I created a standalone repro for your convenience.
https://github.com/vors/convex-load-test
Please help us understand is that a fundamental limitation of the platform or am I just stupid with how I write my queries. The meat is that we do this
Which is obviously stupid way of doing
db.get
but it will do for the illustration pusposes I think. Imagine that it's some other, non-id field. UPD: non-id field with a index on it.32 Replies
Hey Sergei! Yes, we do have a limit under the hood here for how many documents a single query can read. My best suggestion here would be to switch to using a paginated query (https://docs.convex.dev/using/pagination) for use cases with really large tables (in this case over that ~16k) limit
Paginated Queries | Convex Developer Hub
Load paginated queries.
Even if you don't want to paginate on the client side, you could loop calls to
loadMore
until you exhaust the data. I'm happy to help code up the refactor in your test repository if it would be helpful!Thank you for the lighting fast response, Arnold. Sorry I think I may be somewhat a DB noob here, but should not it roughtly speaking translate into:
In the sense that if that would be Postgress with a index on ID column it would be handling it with no problem with 10M rows....

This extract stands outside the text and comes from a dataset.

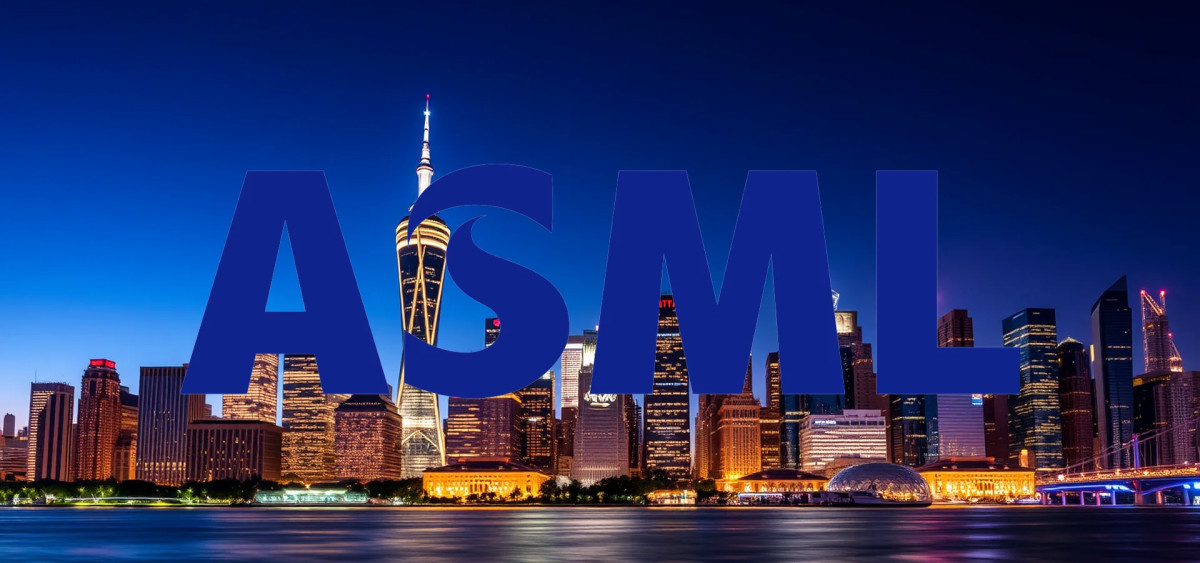 Beitragsbild zu ASML Aktie: Wichtiger Technologie-Durchbruch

(again ID is a bad example name)
I think the real-world speaking we plumb down the id's in most places to avoid relaying on indexes, however for our BI, we would need the agregated quries on the whole database.

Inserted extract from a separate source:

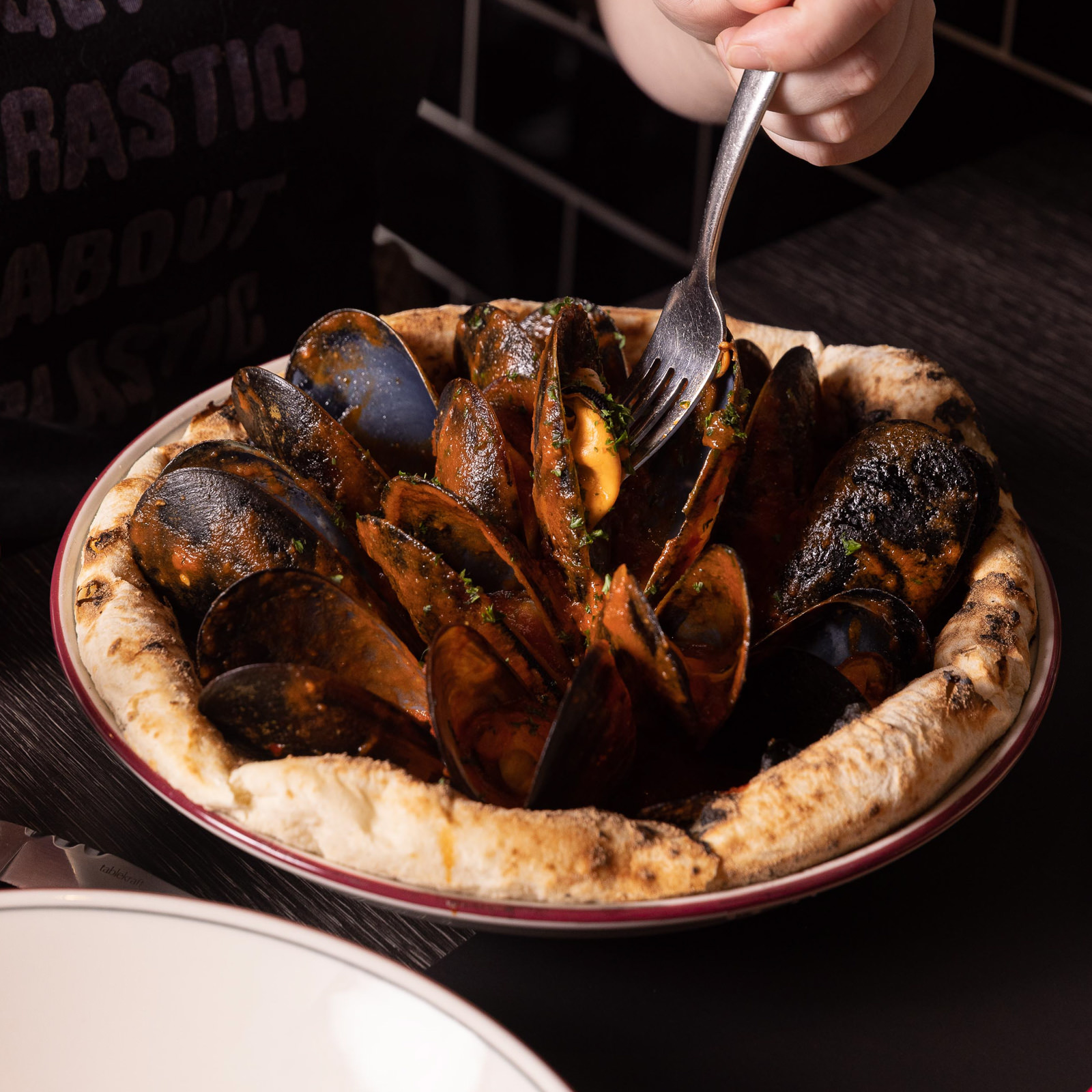 Piatto Di Cozze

(I kind of was hoping to build something quickly on convex isntead of exporting it into something like BigQuery)
Yeah! No worries, I'm a database noob myself
-- I just make things pretty 🙂
Conceptually, your Convex query would be pretty close to that SQL query, the biggest difference being that Convex doesn’t do query planning (intentionally) so you’d have to query indexes with
.withIndex
(I believe the index by_id
is builtin by default)
I can’t speak for this concretely as I mostly work on the UI, but the ~16k limit is a hardcoded value on our end as a safety precaution. Someone that works on the backend here can give you a better answer about why the limit is there and support for scaling. In general though, paginating a query where you expect millions of a result would likely be important both for database and client-side perfJust to double check: my current alarmism is not about the case when I want to return 20,000 messages to the client -- this makes perfect sense to paginate. It's about the case when I have a single table with 20,000 entries "Name" and I need to find the "Boris" in this table (and there are 10 people like that only).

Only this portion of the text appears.